Haití al borde del abismo
Haití se enfrenta a una encrucijada crítica. La fecha límite del 7 de febrero para el Consejo Presidencial de Transición (CPT) se cierne sobre el país, amenazando con exacerbar la ya precaria situación humanitaria y de seguridad.
El próximo fin del mandato del Consejo Presidencial de Transición (CPT) el 7 de febrero ha generado una ola de preocupación en Haití. El temor a una profundización de la crisis política y social se ha intensificado en un país que ya sufre los embates de la violencia perpetrada por pandillas, la grave inseguridad alimentaria que afecta a gran parte de la población y una economía paralizada.
La disolución del CPT podría generar un vacío de poder que agrave aún más la situación de inestabilidad. Los grupos armados, que controlan vastas áreas del territorio haitiano, podrían aprovechar la oportunidad para expandir su influencia y consolidar su poder, lo que aumentaría la violencia y la vulnerabilidad de la población civil.

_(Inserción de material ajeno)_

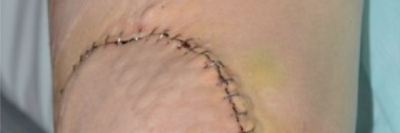 Stumpfende des Oberschenkels nach Unterschenkel-Amputation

La comunidad internacional observa con atención la evolución de la situación en Haití y ha instado a las fuerzas políticas a buscar una solución pacífica y negociada a la crisis. Sin embargo, la polarización política y la desconfianza mutua dificultan la consecución de un acuerdo que garantice la estabilidad y el bienestar del pueblo haitiano. El futuro de Haití pende de un hilo.